WHAT NEEDS TO BE DONE: Would you please transcribe, exactly as written, the lines of the entries below starting at the one that holds "Vintage White Cotton" and ending at the one that holds "4Pcs Antique Case", both included?

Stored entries
::::
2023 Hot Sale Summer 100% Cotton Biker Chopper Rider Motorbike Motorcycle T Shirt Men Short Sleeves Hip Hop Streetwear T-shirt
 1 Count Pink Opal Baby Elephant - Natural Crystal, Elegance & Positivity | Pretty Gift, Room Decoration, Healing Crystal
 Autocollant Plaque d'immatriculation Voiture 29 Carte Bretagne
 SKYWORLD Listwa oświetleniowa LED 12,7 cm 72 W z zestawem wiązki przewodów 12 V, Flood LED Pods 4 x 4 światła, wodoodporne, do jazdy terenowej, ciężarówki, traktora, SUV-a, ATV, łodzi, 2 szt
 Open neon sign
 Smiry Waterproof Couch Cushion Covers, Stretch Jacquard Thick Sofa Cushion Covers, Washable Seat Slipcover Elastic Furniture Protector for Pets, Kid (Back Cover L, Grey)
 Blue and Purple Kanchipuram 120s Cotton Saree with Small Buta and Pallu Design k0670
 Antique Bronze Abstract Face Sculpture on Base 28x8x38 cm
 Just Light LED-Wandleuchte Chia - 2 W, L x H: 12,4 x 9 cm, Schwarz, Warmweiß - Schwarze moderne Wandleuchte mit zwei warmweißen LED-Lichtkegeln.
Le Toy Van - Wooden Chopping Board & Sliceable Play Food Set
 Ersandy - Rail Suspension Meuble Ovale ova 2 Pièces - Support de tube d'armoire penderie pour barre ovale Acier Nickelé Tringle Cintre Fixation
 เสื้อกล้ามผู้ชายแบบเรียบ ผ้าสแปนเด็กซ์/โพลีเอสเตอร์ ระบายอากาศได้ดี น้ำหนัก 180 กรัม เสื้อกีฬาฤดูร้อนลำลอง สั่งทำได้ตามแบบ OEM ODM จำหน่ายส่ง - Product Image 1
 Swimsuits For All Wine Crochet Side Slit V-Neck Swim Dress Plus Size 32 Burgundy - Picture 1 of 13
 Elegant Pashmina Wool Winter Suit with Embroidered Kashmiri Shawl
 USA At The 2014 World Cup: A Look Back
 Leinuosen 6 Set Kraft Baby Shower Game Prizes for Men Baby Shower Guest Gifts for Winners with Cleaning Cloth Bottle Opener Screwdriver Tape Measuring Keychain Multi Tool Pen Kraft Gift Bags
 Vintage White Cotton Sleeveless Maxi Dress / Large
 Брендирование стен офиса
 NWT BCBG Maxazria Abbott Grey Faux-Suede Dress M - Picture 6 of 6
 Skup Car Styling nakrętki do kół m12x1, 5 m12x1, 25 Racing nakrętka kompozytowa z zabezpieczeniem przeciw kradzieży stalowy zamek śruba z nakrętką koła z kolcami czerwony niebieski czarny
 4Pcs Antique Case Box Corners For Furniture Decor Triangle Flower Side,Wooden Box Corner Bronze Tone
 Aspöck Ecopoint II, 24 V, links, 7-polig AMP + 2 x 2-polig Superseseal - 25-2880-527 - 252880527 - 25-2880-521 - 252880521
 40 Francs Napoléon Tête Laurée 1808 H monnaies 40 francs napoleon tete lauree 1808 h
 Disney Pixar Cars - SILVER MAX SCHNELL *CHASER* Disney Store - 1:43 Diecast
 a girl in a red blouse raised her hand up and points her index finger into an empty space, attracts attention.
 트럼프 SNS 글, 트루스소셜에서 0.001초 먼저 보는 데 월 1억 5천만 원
::::
REPLY:
 Vintage White Cotton Sleeveless Maxi Dress / Large
 Брендирование стен офиса
 NWT BCBG Maxazria Abbott Grey Faux-Suede Dress M - Picture 6 of 6
 Skup Car Styling nakrętki do kół m12x1, 5 m12x1, 25 Racing nakrętka kompozytowa z zabezpieczeniem przeciw kradzieży stalowy zamek śruba z nakrętką koła z kolcami czerwony niebieski czarny
 4Pcs Antique Case Box Corners For Furniture Decor Triangle Flower Side,Wooden Box Corner Bronze Tone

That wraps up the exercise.